The page images that make up ECCO Online are displayed in a form legible to human users, but computers themselves
cannot always see the words on ECCO's pages as clearly. As a result, the search tools that users have come to
associate with word processing and computer-based indices cannot sort the information on ECCO pages.
In many cases, Optical Character Recognition (OCR) software can transform image files into text files; when a text's
lettering is not in a recognizable font, however, or when a page is otherwise obscured with ink smudges or wormholes, OCR
software does not always accurately render its image into a usable, searchable text. In order to make the Evans texts
completely readable and searchable in ways which will be most effective to modern users, given the many variations in
seventeenth and eighteenth century typefaces keyboarding, done by a person trained to identify the features of these texts,
actually proves most cost effective.
ECCO images will be accessible by fully searchable bibliographic records and OCR running behind the page images
(most OCR based products will not show the text they are searching because the prevalence of errors is thought to be
distracting to users). The reliability of the OCR for searching purposes remains an open question because of the nature
of the images being used. Gale is doing their best to optimize OCR accuracy, and report positive results. Nonetheless accurate OCR on materials of this nature is not easily accomplished, and even when the
average results are good, it is bound to be uneven (very good sections or texts and some very poor texts). It is
recognized that OCR provides cost effective access to a large corpus like ECCO the library community stands ready
to support efforts at Gale. That being said, there is benefit in creating an accurately keyboarded and
SGML/XML tagged subset of ECCO text that allows more certain searching and other features that fully support research
and instructional uses of this important corpus.
Why SGML Encoding?
SGML encoding marks the structure and parts of a text, which enables easy and sophisticated searching. While simply
being able to pick out keywords from an early American text is a remarkable step forward, SGML encoding allows users
to focus their queries more specifically. The tags added during the encoding process can, for example, permit users
to look for the occurrence of a word only in the marginal notes of ECCO texts, for non-English terms as they appear
in stage directions, or for proper names appearing in epigraphs.

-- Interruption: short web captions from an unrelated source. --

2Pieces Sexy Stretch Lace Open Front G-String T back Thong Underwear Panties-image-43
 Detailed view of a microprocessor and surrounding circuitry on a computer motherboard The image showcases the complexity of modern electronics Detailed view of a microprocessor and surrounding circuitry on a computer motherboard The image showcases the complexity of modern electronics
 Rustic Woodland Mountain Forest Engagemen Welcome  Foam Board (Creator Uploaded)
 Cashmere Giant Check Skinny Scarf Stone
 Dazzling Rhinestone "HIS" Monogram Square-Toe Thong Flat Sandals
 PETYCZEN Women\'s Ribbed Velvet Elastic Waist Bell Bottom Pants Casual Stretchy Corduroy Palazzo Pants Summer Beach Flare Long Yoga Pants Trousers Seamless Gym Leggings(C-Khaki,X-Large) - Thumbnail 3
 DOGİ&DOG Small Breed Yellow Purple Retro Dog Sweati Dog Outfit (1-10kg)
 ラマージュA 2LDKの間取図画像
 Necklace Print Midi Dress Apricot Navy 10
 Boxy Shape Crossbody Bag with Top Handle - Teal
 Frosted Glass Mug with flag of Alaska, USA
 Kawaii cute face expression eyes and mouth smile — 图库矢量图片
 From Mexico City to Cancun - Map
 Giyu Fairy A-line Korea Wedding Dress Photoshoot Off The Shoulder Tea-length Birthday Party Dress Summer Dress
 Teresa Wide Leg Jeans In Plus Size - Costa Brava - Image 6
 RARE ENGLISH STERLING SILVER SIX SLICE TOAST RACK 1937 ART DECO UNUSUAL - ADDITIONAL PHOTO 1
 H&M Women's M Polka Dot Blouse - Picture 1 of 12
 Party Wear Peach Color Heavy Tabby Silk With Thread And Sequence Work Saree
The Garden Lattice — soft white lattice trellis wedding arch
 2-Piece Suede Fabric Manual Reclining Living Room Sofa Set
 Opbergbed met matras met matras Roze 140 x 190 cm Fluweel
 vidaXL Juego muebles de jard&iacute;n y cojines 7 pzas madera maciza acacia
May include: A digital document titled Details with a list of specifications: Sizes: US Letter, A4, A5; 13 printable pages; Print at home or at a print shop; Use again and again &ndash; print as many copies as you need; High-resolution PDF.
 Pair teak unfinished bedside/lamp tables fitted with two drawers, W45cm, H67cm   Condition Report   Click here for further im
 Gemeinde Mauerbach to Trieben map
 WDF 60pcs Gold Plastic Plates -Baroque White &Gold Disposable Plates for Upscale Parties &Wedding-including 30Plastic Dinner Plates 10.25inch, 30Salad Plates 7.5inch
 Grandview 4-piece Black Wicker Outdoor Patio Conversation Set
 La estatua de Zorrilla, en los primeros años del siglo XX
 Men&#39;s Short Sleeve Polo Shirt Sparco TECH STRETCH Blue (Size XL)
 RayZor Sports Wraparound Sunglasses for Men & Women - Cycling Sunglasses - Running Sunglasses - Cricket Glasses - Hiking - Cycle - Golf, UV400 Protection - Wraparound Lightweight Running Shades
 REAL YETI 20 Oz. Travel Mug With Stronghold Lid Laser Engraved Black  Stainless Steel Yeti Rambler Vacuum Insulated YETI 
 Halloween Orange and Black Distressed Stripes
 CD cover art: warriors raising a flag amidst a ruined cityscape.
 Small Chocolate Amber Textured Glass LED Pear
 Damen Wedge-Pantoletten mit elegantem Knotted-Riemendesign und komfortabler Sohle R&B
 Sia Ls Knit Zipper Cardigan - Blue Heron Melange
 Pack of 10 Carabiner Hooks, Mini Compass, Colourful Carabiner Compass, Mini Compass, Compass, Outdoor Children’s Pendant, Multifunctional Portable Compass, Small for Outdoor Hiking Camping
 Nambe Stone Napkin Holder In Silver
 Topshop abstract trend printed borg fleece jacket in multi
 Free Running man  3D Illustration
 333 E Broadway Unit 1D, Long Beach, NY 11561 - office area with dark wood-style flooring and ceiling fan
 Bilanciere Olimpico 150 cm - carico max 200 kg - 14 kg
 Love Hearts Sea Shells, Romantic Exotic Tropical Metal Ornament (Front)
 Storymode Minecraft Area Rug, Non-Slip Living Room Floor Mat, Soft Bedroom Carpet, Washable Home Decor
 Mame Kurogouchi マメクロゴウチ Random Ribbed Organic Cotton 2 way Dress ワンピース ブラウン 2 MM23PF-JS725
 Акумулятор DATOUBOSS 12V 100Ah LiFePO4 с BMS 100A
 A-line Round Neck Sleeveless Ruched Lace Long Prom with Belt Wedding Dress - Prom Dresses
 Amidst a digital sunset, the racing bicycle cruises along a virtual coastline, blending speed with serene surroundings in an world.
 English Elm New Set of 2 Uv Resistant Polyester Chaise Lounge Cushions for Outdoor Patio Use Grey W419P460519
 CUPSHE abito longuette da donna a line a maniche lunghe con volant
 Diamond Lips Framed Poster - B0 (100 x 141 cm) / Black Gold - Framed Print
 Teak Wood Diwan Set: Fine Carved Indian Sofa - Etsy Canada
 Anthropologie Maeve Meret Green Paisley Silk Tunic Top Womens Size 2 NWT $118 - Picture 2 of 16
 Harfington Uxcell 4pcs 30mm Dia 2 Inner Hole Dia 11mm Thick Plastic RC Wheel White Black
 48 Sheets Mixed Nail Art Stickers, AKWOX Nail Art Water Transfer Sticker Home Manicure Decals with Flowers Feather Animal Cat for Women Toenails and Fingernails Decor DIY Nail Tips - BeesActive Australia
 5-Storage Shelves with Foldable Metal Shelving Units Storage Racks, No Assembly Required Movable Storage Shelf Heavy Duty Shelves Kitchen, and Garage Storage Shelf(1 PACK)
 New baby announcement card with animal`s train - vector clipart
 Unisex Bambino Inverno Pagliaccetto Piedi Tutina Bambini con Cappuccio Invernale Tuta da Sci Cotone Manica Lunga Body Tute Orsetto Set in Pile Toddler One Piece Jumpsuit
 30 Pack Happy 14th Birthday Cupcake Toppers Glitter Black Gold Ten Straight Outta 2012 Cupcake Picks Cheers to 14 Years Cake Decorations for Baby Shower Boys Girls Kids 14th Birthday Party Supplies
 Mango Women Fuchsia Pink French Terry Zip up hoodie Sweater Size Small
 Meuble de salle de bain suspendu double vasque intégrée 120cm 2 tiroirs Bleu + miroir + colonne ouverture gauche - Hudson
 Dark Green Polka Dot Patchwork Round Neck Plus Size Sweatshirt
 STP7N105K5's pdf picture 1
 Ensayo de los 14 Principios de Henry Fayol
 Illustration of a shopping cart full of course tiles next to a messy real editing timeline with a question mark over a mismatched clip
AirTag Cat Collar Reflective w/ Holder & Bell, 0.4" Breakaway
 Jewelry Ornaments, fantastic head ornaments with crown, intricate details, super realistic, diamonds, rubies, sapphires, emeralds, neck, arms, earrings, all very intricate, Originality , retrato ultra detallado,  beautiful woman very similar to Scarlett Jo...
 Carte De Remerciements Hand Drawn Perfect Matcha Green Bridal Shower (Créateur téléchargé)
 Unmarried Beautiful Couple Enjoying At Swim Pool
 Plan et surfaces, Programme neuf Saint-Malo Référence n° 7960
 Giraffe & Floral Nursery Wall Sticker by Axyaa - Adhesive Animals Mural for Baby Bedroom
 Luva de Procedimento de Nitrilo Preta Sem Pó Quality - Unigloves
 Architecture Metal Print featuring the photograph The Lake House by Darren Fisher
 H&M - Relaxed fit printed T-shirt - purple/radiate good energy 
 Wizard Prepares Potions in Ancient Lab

Document Type Definition (DTD)
A DTD, or document type definition, provides guide to the various tags that may be used in encoding an XML/SGML
text, showing when and how these tags may be used. While DTDs generally follow a standard form, they can be modified
to fit the demands of an individual project.
Because ECCO contains so many different types of text, and because the corpus contains so many page images, the
Text Creation Partnership DTD Working Group determined that the DTD reflect a low and fairly generic level of tagging.
This practice, the Group decided, would move texts through the keyboarding process more quickly while also allowing for
additional tagging in the future.